Y, mira qué casualidad, a los dos días me encuentro con un artículo en el Cosmo que hablaba sobre el tema. Según el Cosmo en yanquilandia empezaron a tratar a una serie de menopáusicas con testosterona para ver si les arreglaban la vida y acababan con sus sofocos climatéricos, y descubrieron que a las señoras tratadas con testosterona se les disparaba la libido hasta la estratosfera. Me imagino a las pobres señoras incontenibles, desaforadas, abalanzándose sobre el cartero, sobre el lechero, sobre el repartidor de periódicos, sobre cualquier macho que se les pusiera por delante. Así que los doctores hicieron una investigación en serio sobre el fenómeno detectado y llegaron a las siguientes conclusiones: una, que las mujeres con exceso de testosterona poseen, o poseemos, impulsos sexuales más definidos que las demás, y, dos, que somos más agresivas y decididas.

Mi madre me ha mandado a un montón de psicólogos, uno detrás de otro, desde que cumplí los quince años y ella empezó a hartarse de soportar mis arrebatos de mal genio. Me he tirado media vida analizando las supuestas razones de mis sentimientos y mis reacciones. Mi promiscuidad incontrolada, sugerían, no era sino una búsqueda de la figura paterna. Las peleas con mi madre, un intento desesperado de definir mi personalidad mediante la oposición. Pero, según mi recuento hormonal, resulta que todas esas interminables horas que me he pasado tumbada en un diván intentando retrotraerme hasta la primera papilla que tomé, me las podía haber ahorrado, mira tú por dónde, porque la explicación de mis pasiones y mis rabletas era mucho más sencilla: un simple exceso de hormonas.

Y lo mismo pasa con Rosa, mi reservada hermana.
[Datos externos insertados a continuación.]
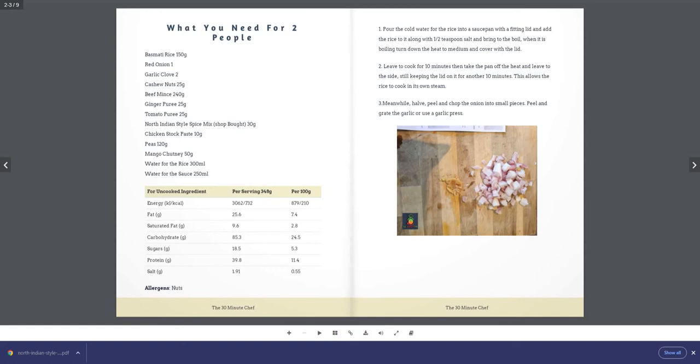Leave it for another 10 minutes—this allows the rice to cook in its own steam. Step 3: Meanwhile, half peel and chop the onion into small pieces. Peel and grate the garlic or use a garlic press.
Siempre pensamos que la tía era tan rara y tan introvertida porque le había afectado mucho lo de que mi padre se largara de aquella manera, así, de pronto, sin decirnos nada. Pero resulta que ella también fue al psiquiatra (sí, reconozco que lo de mi casa es muy fuerte, dos hermanas que van al psiquiatra y la mayor en casa llorando con una depresión de caballo), y el médico le explicó que todo era un problema de recaptación de serotonina. Esto es, que a mi hermana le falla la sustancia que funciona como neurotransmisor entre las células del cerebro. Así que ahora Rosa vive colgada del prozac, una droga mágica y legal que, por lo visto, regulará sus niveles de serotonina y hará de ella una mujer nueva. Habrá que verlo.

Lo dicho. A mí me sobra testosterona y a ella le falta serotonina. Y según estos excesos y carencias nuestros problemas no tienen nada que ver con las circunstancias personales o familiares sino con la composición química de nuestros cerebros y ovarios, así que Freud, Lacan, Jung, Rogers, os ha lucido el pelo, queridos. Pero yo me pregunto si no será al revés, si la vida no nos habrá afectado tanto que el cerebro de Rosa dejó de producir serotonina y mis ovarios se pusieron a segregar testosterona como locos, y vete tú a saber lo que le pasó a cualquier órgano de Ana. Porque, que yo recuerde, tal vez hubo un tiempo, cuando yo era muy, muy, muy pequeña, en que fuimos algo así como una familia normal, y mis hermanas y yo jugábamos a contarnos cuentos en la oscuridad, debajo de las sábanas, y no nos pasábamos el día deprimidas, irritadas y llorosas, poniéndonos a parir las unas a las otras; y todo el mundo nos consideraba bastante normalitas, tan monas, tan dulces, unas niñas adorables. En fin, ¿qué fue antes, el huevo o la gallina? ¿Es el cuerpo el que nos controla o nosotras las que controlamos el cuerpo? Interesante cuestión.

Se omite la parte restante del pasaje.